Desculpas a Tigrinho 0 793

Fazer o bem e sermos justos são confortos que buscamos dia após dia, ainda que forjadamente. E foi assim que naquela manhã de sábado saí de casa para fazer justiça com Tigrinho.

Uma gata dessas vadias, sem dono nem canto, fez duma churrasqueira abandonada seu ninho e deu à luz quatro gatinhos. Um branco, um amarelo, um siamês e Tigrinho, cinza malhado com uma mancha branca entre os olhos verdes como o vento do mar.

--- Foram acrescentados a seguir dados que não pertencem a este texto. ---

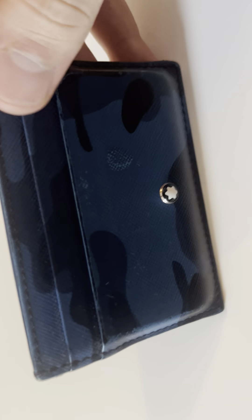Many cards can fit in, although there are two pockets here and two pockets here, plus the one inside. Overall, I really liked it and I hope you enjoy it.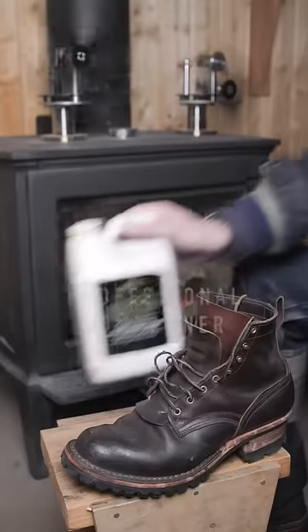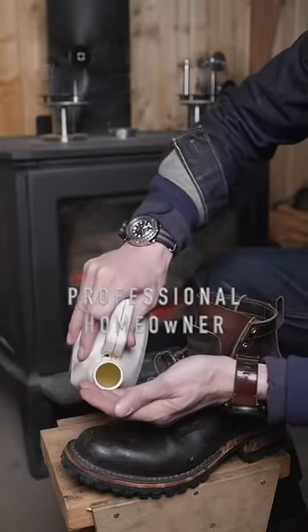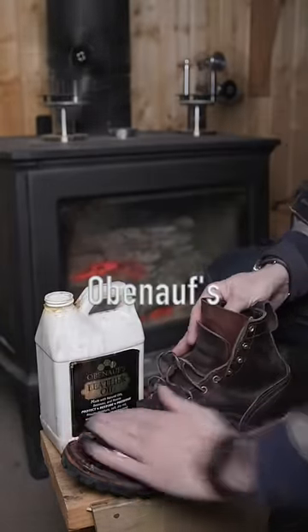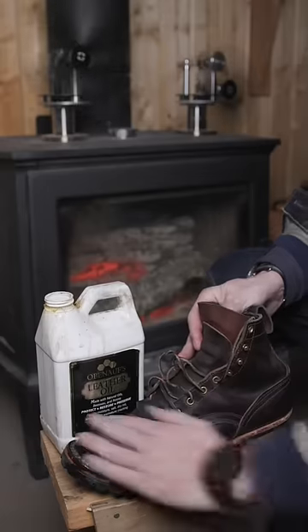How the US Forest Service waterproofs and rigs its leather boots for winter. Start with Obanoff's leather oil. It's made from beeswax, it's 100% natural, and it's about the best you can get. You'll never really waterproof leather boots, but this will get them darn close.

Trago ainda hoje a lembrança de que todos eram machos porque aos onze de idade dificilmente temos a destreza de diferenciar o sexo dos filhotes de gatos. Podia tratar tudo como fêmeas? Podia. Mas não foi o que aconteceu. Tigrinho, pra mim, tinha três irmãos.

A mãe se foi com alguma noite, o branco morreu, o siamês sumiu. Ficaram apenas Tigrinho e amarelo.

Amarelo era o tipo ideal de filhote. Dos que ronronam até dormir em qualquer posição que os colocarmos. Era chegar na churrasqueira e ele já miava a se esfregar no que quer de mim que chegasse ao seu alcance.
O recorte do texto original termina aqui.